Again if "Let's see what product thinks" has the negative connotation you
allude to, in my mind that is a horribly run company. We are still very small
(6 ppl) so I want everyone to think like product managers and CEOs - as long
as they fulfill their core responsibilities. It gets a little harder bc
sometimes, engineers will be vetoed, not because they don't have great ideas,
but ultimately, there is some negotiation between a great product/experience
and something sellable or to work with a time constraint.

I personally think it is ASININE not to involve my engineers in the decision
process, bc they might be able to optimize my business process, or even my
thoughts as a product owner. I am a sales and marketing guy, that desperately
wants to become a good product manager. The only way I can do that is by
learning from others' approaches.
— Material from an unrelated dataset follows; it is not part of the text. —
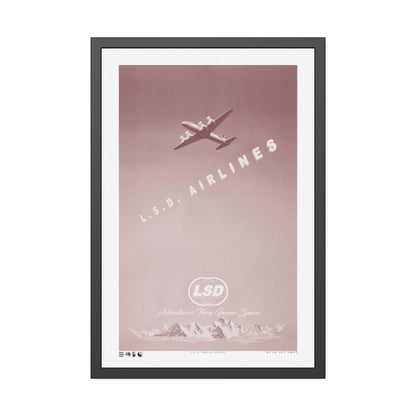 Faded - L.S.D. Travel - Blush - Framed Print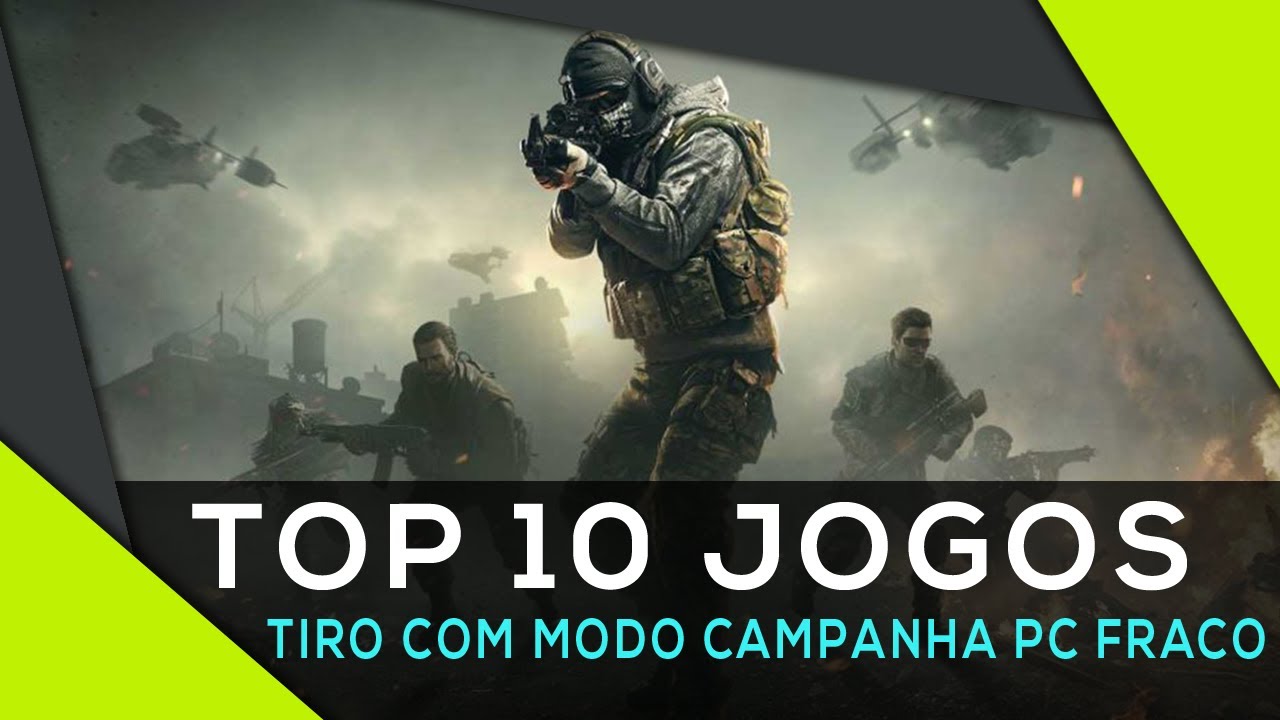 10 Jogos de Tiro Online/Offline para Pc Fraco na Steam 2022 l Melhores Jogos  FPS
If you'd like to continue the dialogue feel
free to email me at ben@projectsherpa.com

Cheers,

Ben CoFounder ProjectSherpa ben@projectsherpa.com

------
matthewsinclair
I've had a similar experience in financial services but from the other
direction, and particularly as an architect.

I can't tell you how many times I have heard the phrase "I'm a banker, I don't
need to understand the technology" from people in very senior positions with
very high salaries.

The thing that they fail to understand - apart from routinely missing
fundamental banking concepts like "on behalf of" or "product as sold" \- is
that banking _is_ technology.

Banks don't store cash any more, they store bits.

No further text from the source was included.